Dalmas, as the team leader in what BMW liked to called the ‘jockeys’ car’ in reference to the height of its drivers, had urged caution from his less-experienced team-mates, much to the chagrin of Berger.

“Berger was very angry, but I told him if we push, we break the car”

“Our strategy was to save the car – we were patient,” recalls Dalmas. “When I got in the car for the second time, Berger came on the radio telling me to push. I think the first two times I didn’t reply. In the garage afterwards he was very angry, but I told him if we push, we break the car.”

Martini also questioned his team-mate’s call for restraint. “Pierluigi kept asking me when he could push,” remembers Dalmas. “I said, ‘Wait, wait, your time will come.’”

And come it did in those dramatic final hours. Katayama belied the earlier pace of the Japanese-crewed GT-One by setting fastest lap of the race in his pursuit of the BMW. Who would have won if the battle had run its course will never be known. With just 50 minutes left on the clock, the Japanese driver was forced onto the kerbs at the first chicane on the Mulsanne Straight. By a BMW! The culprit was amateur driver Thomas Bscher in the reworked and privately run ’98 V12 LM.

The resulting puncture for the Toyota and the time lost in the pits to repair bodywork damaged by a flailing tyre resulted in an unrepresentative one-lap margin in BMW’s favour.
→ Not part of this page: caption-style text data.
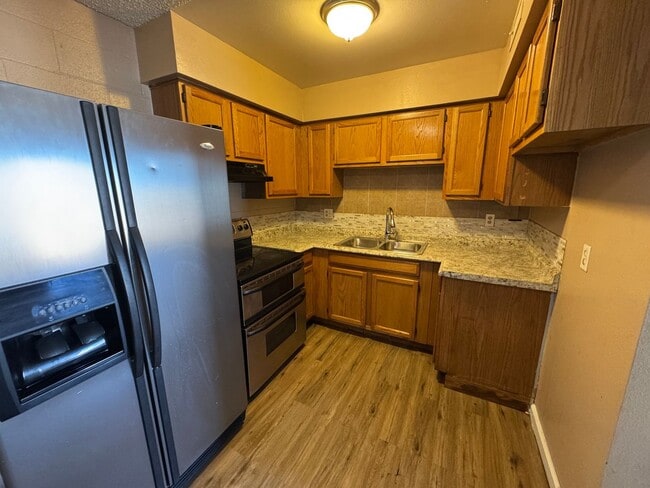Building Photo - 1 Bedroom Condo close to the Strip and UNLV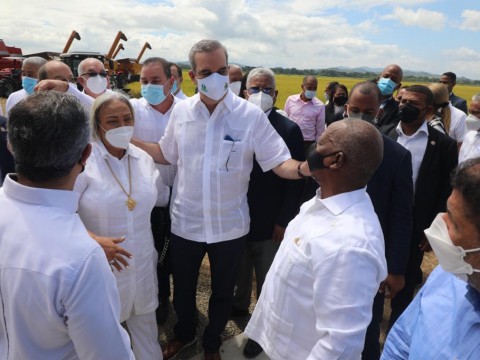 Presidente Abinader destaca aumento de producci&oacute;n de arroz; garantiza abastecimiento y estabilidad de precio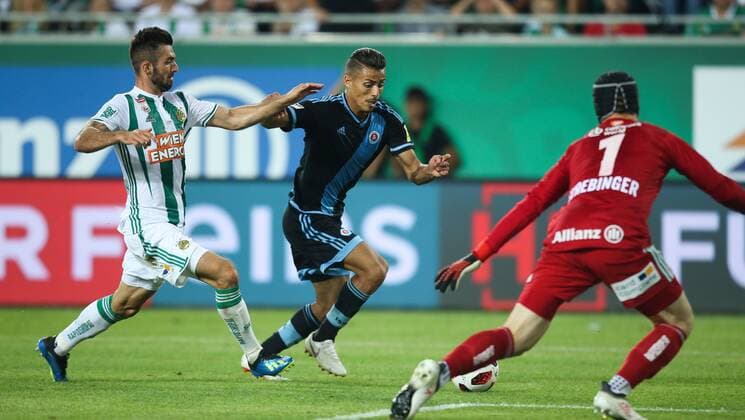 SOCCER - EL quali, Rapid vs Bratislava VIENNA,AUSTRIA,16.AUG.18 - SOCCER - UEFA Europa League qualification, SK Rapid Wien vs Slovan Bratislava. Image shows Marvin Potzmann (Rapid), Mohammed Rharsalla (Slovan) and Richard Strebinger (Rapid). Keywords: Wien Energie. GEPAxpictures xPhilippxBrem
A fourth and final  Le Mans win for Dalmas; a first and last for Winkelhock and Martini

A fourth and final Le Mans win for Dalmas; a first and last for Winkelhock and Martini

BMW’s calculations suggested the V12 LMR would have come out of the pits 15sec ahead after the final round of stops, but Toyota had the quicker car at this crucial stage. It was convinced that it would have won. Hans Reiter, the engineer on the winning car, doesn’t disagree.

“I’d come to the realisation that they were going to catch us,” he recalls. “I was so nervous I couldn’t hold my pencil.”